Answer a question

i have the following topology

and i tried with the following docker compose file :

version: "3.8"
services:
  db:
    image: postgres:13.1-alpine
    environment:
      - POSTGRES_USER=$DB_USER
      - POSTGRES_PASSWORD=$DB_PASSWORD
    container_name: "glass-radar-database"
    ports:
      - $DB_PORT:$DB_PORT
    networks:
      host: {}
    volumes:
      - ./db/data:/var/lib/postgresql/data
    restart: always
    command: -p $DB_PORT
  api:
    depends_on:
      - db
    container_name: "glass-radar-api"
    build:
      context: ./api
      dockerfile: Dockerfile.prod
    networks:
      host: {}
      industrial: {}
      #industrial:
      #  ipv4_address: 192.168.10.244
    environment:
      - NODE_ENV=$API_NODE_ENV
      - PORT=$API_PORT
      - PGHOST=db
      - PGPORT=$DB_PORT
      - PGUSER=$DB_USER
      - PGPASSWORD=$DB_PASSWORD
      - PGDATABASE=$DB_NAME
    ports:
      - $API_PORT:$API_PORT
    volumes:
      - /app/node_modules
  ui_build:
    build:
      context: ./ui
      dockerfile: Dockerfile.prod
    container_name: "glass-radar-builder"
    networks:
      host: {}
    environment:
      - NODE_ENV
      - REACT_APP_API_HOST
    volumes:
      - ./ui/build:/app/build
      - /app/node_modules
  ui_server:
    image: nginx:1.19.4-alpine
    container_name: "glass-radar-ui"
    networks:
      host: {}
    ports:
      - 80:80
    volumes:
      - ./ui/build:/usr/share/nginx/html
networks:
  industrial:
    external: true
    name: host
    # config:
    #- subnet: 172.28.0.0/16
  host:
    driver: bridge
    name: bridge

but i still have this error which i didn't understand :

Error response from daemon: failed to add interface vethc7c566b to sandbox: error setting interface "vethc7c566b" IP to 172.23.0.5/16: cannot program address 172.23.0.5/16 in sandbox interface because it conflicts with existing route {Ifindex: 21 Dst: 172.23.0.0/16 Src: 172.23.0.1 Gw: Flags: [] Table: 254}

is the way i connect "api" container is correct ?

Answers

Without some very unusual setup you can't directly connect to the container-private IP addresses from outside the host (and in many common cases you can't connect to them from the same host).
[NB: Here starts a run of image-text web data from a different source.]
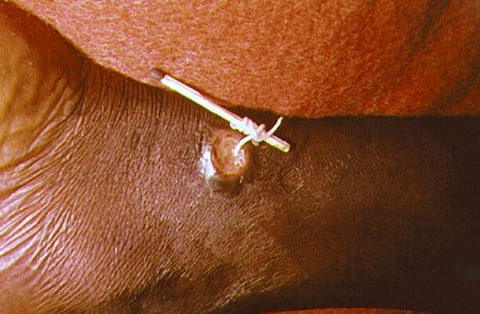 Guinea worms are long, white parasites that emerge from the legs of infected people through painful blisters
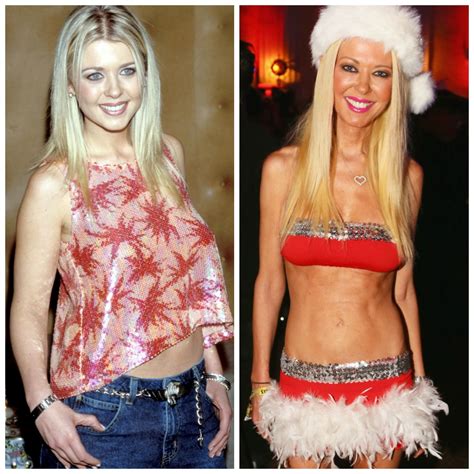 Plastic Surgery Gone Wrong — Celebs Who Regret Going Under the Knife!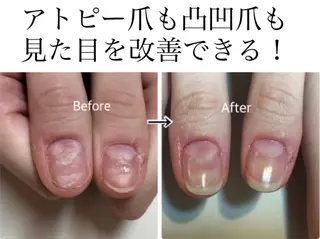 メンズ ネイル 深爪矯正専門店　ネイルサロン　トイロ所属・ネイルサロン トイロのネイルデザイン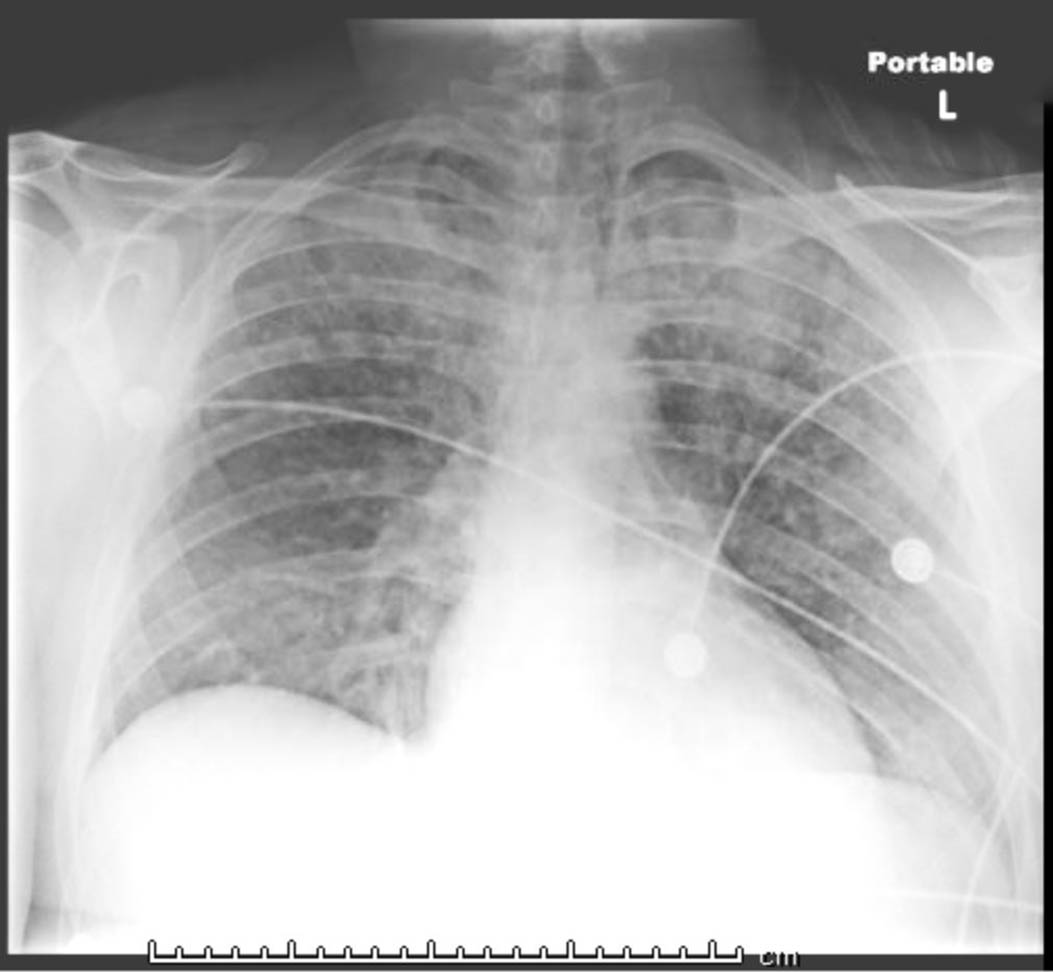 46-4 From Narcan to ECMO.jpg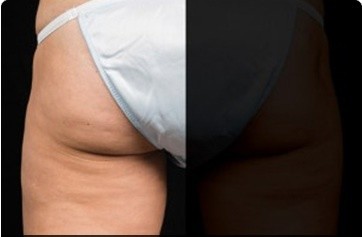 Coolsculpting Before and After | Little Lipo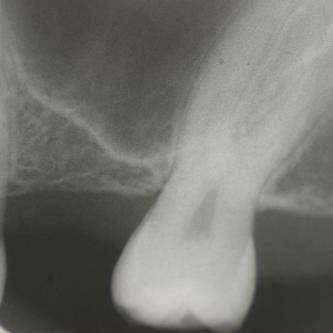 Exemple 14: Il est prévu de mettre un implant entre la molaire et prémolaire, mais le sinus se trouve à moins de 4 mm de la surface. Il faut donc relever le sinus avec une greffe d'os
Instead, you'd connect to the host's IP address and one of the published ports:. From off-box you can't tell whether a server is running in a container or if it's an ordinary process.

The flip side of this is that the Compose ports: option (and also docker run -p) takes an optional IP-address parameter saying which host interface to bind to. By default this is the 0.0.0.0 "all interfaces" address, but you can set this to a specific address if you know the host setup.

So in your case, let's say the "network 1" is an external network with IP address 10.10.0.2, and the "network 2" is a management network with IP address 192.168.0.2. You want to make the reverse proxy container visible to both networks, but the database and back-end service only to the management network. You could set this up as:

services:
  db:
    ports:
      - '192.168.0.2:$DB_PORT:5432'
  api:
    ports:
      - '192.168.0.2:$API_PORT:3000'
  ui_server:
    ports:
      - '10.10.0.2:80:80'
      - '192.168.0.2:8080:80'

Note that I've used the "normal" ports for the internal ports for these containers (5432 for the database, 3000 for the Node application) and remapped them at the Docker layer.

You do not need Compose networks: here. These only affect connections between containers and not how they're published outside of Docker space. If you have no networks: blocks anywhere in the file at all, Compose creates a network named default and attaches all of the containers to it, and this is correct behavior for most common setups.

Of particular note, your setup here creates a network named host, but it is a bridge-type network and is different from "the host network". You don't usually want host networking, since it disables all of Docker's network functionality. In this case it would force each container to individually deal with your multiple-network setup, and that configuration will be different for PostgreSQL, Nginx, and your custom Node application. With standard Docker networking each of these can listen on 0.0.0.0 (probably their default setting) and Docker can worry about the external port and interface mapping.